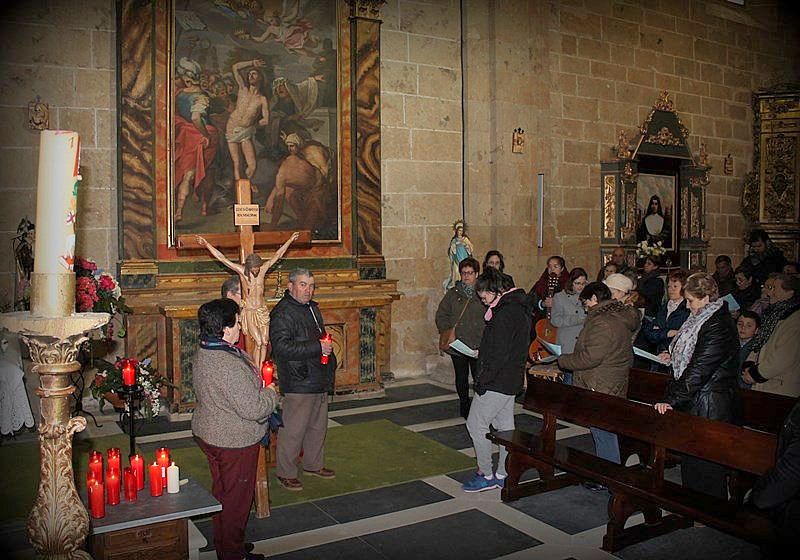 Los fieles meditan en una de las 14 estaciones penitenciales | Fotos: Elena Sánchez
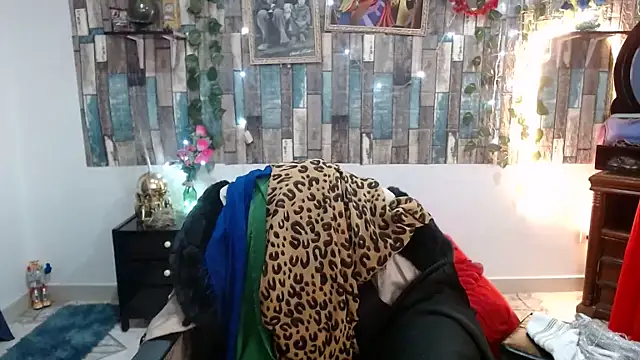 KarimaSarabe online show from February 11, 2026, 7:36 pm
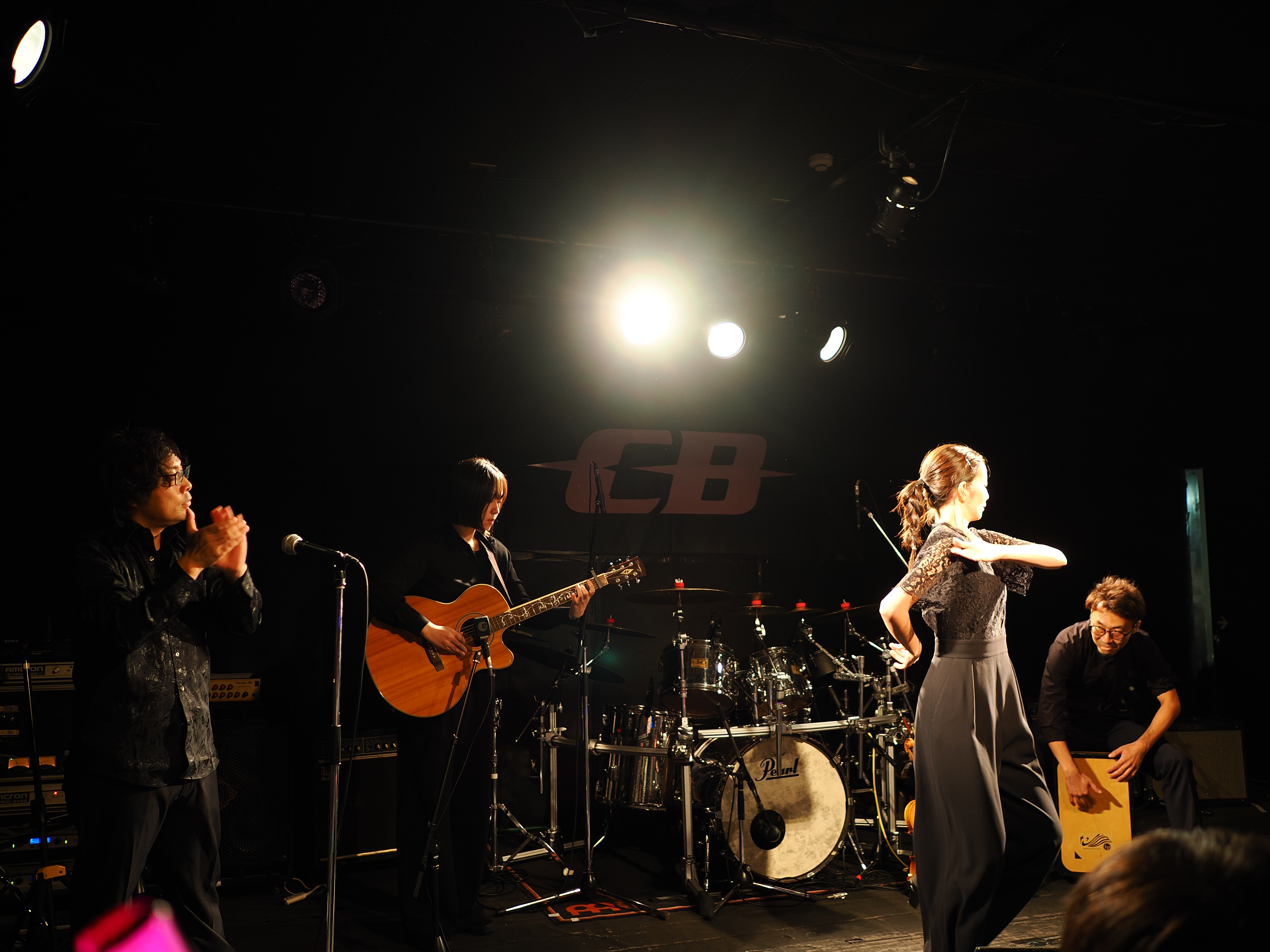 バンド演奏とフラメンコを披露するみんな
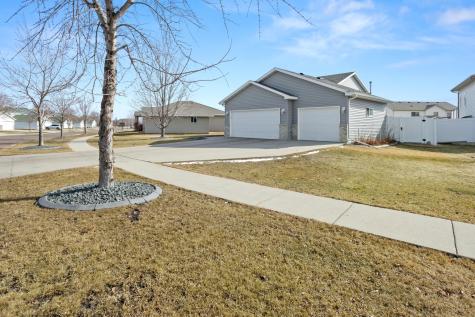4512 44th Street S Fargo ND 58104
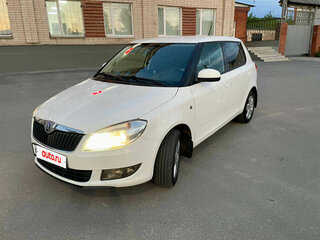 2013 Skoda Fabia II Рестайлинг, белый, 675000 рублей, вид 3
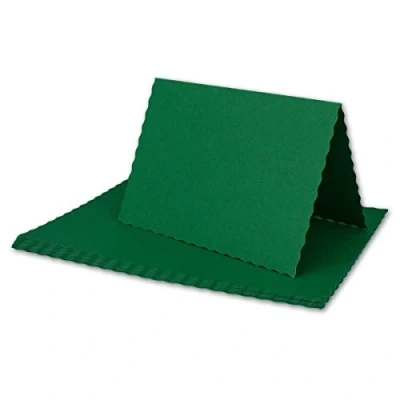 Abbildung von FarbenFroh by GUSTAV NEUSER 50x Faltkarten DIN A6 mit wellig gestanztem Rand Dunkel Grün 10,5 x 14,8 cm Wellenschnitt Einladungs Karten
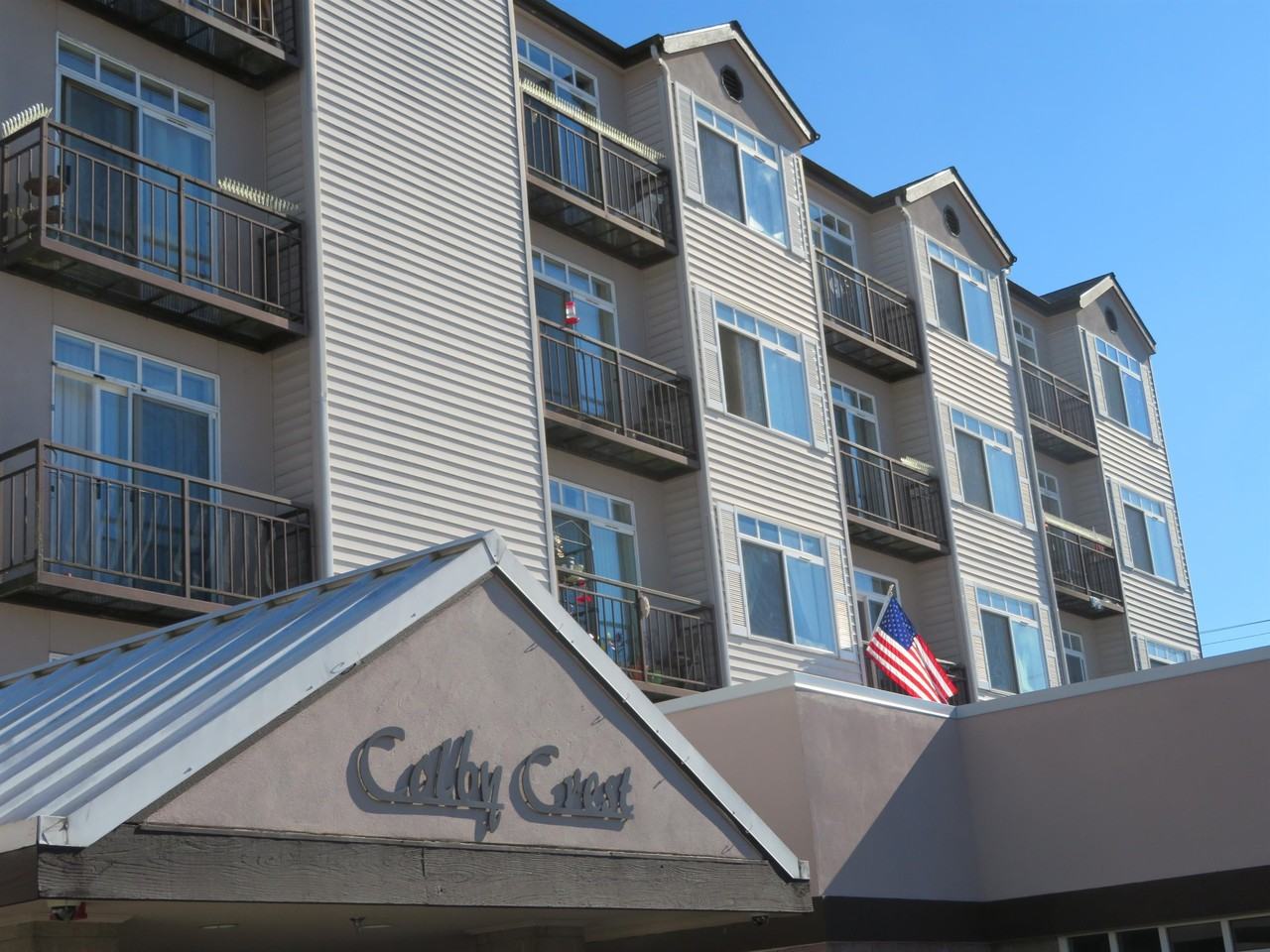 2515 Colby Avenue - Photo 2 of 39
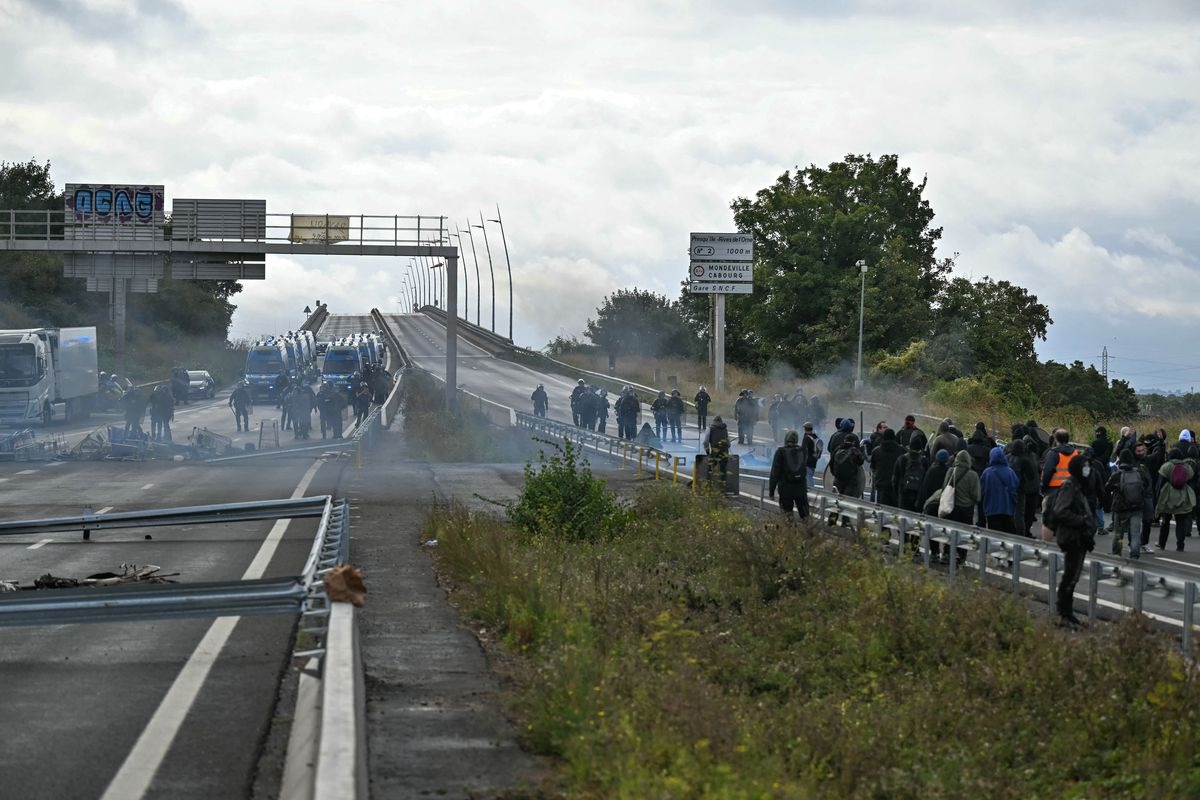Demonstran bakar barikade di Paris usai kabinet Bayrou tumbang. Aksi Block Everything lumpuhkan transportasi dan picu krisis politik.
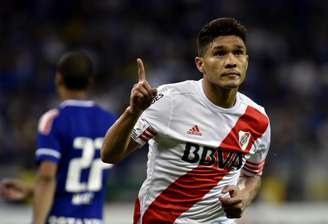 Para sair do River Plate, Téo Gutiérrez pode ir ao Sporting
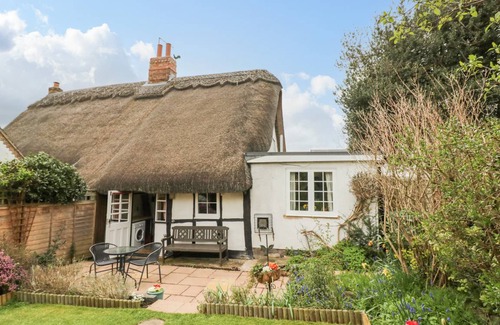 Harvington Cottage | Cabin ∙ 1 bedroom ∙ 2 guests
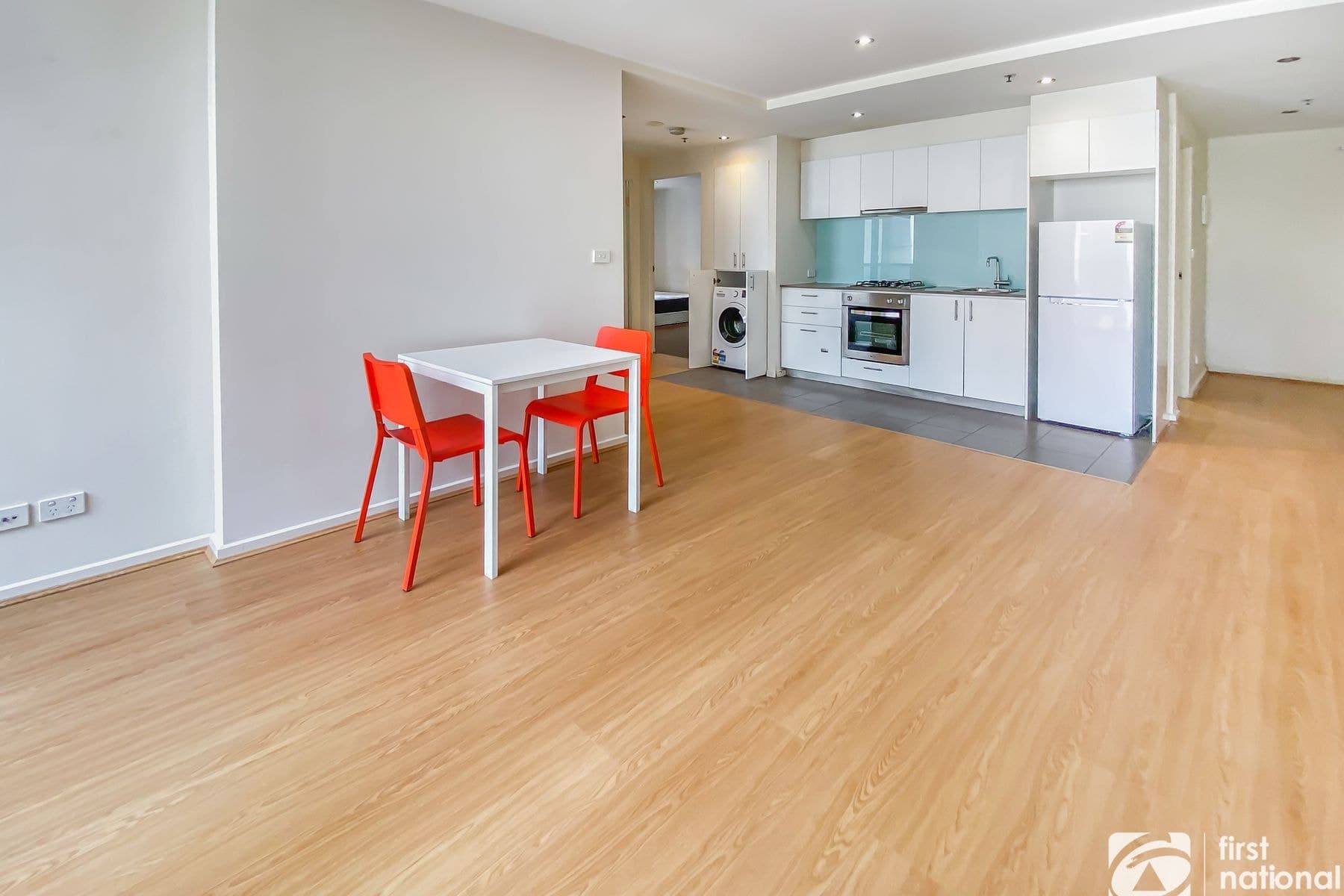 705/8 Exploration Lane, Melbourne VIC 3000, Melbourne - Thumbnail 2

================================

→ **Your objective**: Where an entry includes an image, skip the image and return everything else exactly.

→ **Exercise response**:
 Los fieles meditan en una de las 14 estaciones penitenciales | Fotos: Elena Sánchez
 KarimaSarabe online show from February 11, 2026, 7:36 pm
 バンド演奏とフラメンコを披露するみんな
4512 44th Street S Fargo ND 58104
 2013 Skoda Fabia II Рестайлинг, белый, 675000 рублей, вид 3
 Abbildung von FarbenFroh by GUSTAV NEUSER 50x Faltkarten DIN A6 mit wellig gestanztem Rand Dunkel Grün 10,5 x 14,8 cm Wellenschnitt Einladungs Karten
 2515 Colby Avenue - Photo 2 of 39
Demonstran bakar barikade di Paris usai kabinet Bayrou tumbang. Aksi Block Everything lumpuhkan transportasi dan picu krisis politik.
 Para sair do River Plate, Téo Gutiérrez pode ir ao Sporting
 Harvington Cottage | Cabin ∙ 1 bedroom ∙ 2 guests
 705/8 Exploration Lane, Melbourne VIC 3000, Melbourne - Thumbnail 2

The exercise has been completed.